Long Words, Bigrams, Collacations

In [57]:
long_words = [w for w in words if len(w)>10]
In [58]:
long_words[:10]
Out[58]:
['restrictions',
 'distributed',
 'proofreading',
 '_alexander_',
 'encouragement',
 'extraordinary',
 'productions',
 '_chronology_',
 'demonstration',
 'judiciousness']
In [59]:
list(nltk.bigrams(['more', 'is', 'said', 'than', 'done']))
Out[59]:
[('more', 'is'), ('is', 'said'), ('said', 'than'), ('than', 'done')]
In [60]:
text.collocations()
project gutenberg; _argonautic_ expedition; _red sea_; _anno nabonass;
_trojan_ war; year _nabonassar_; return _heraclides_; death _solomon_;
years piece; hundred years; one another; _darius hystaspis_; years
death; _heraclides_ _peloponnesus_; _alexander_ great; _assyrian_
empire; literary archive; high priest; _darius nothus_; _asia minor_

WordClouds

Another way to visualize text is using a wordcloud. I’ll create a visualization using our earlier dataframe with guest stars on 21 Jump Street. We will visualize the titles with a wordcloud.

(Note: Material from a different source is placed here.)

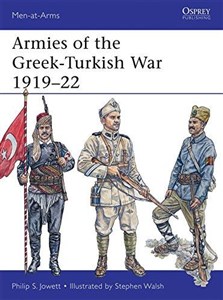 Armies of Greek-Turkish War polish usa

You may need to install wordcloud using

pip install wordcloud
In [61]:
import pandas as pd
from wordcloud import WordCloud, STOPWORDS
In [62]:
df = pd.read_csv('data/jumpstreet.csv')
In [63]:
df.head()
Out[63]:
Unnamed: 0 Actors Character Season Episode Title
0 0 Barney Martin Charlie 1 1 "Pilot"
1 1 Brandon Douglas Kenny Weckerle 1 1 & 2 "Pilot"
2 2 Reginald T. Dorsey Tyrell "Waxer" Thompson 1 1 & 2 "Pilot"
3 3 Billy Jayne Mark Dorian 1 2 "America, What a Town"
4 4 Steve Antin Stevie Delano 1 2 "America, What a Town"
In [64]:
wordcloud = WordCloud(background_color = 'black').generate(str(df['Title']))
In [65]:
print(wordcloud)
<wordcloud.wordcloud.WordCloud object at 0x1a269cb4a8>
In [66]:
plt.figure(figsize = (15, 23))
plt.imshow(wordcloud)
plt.axis('off')
Out[66]:
(-0.5, 399.5, 199.5, -0.5)
_images/08_scraping_and_nltk_77_1.png

Task

  1. Scrape and tokenize a text from project Gutenberg.
  2. Compare the most frequent occurring words with and without stopwords removed.
  3. Examine the top bigrams. Create a barplot of the top 10 bigrams.
  4. Create a wordcloud for the text.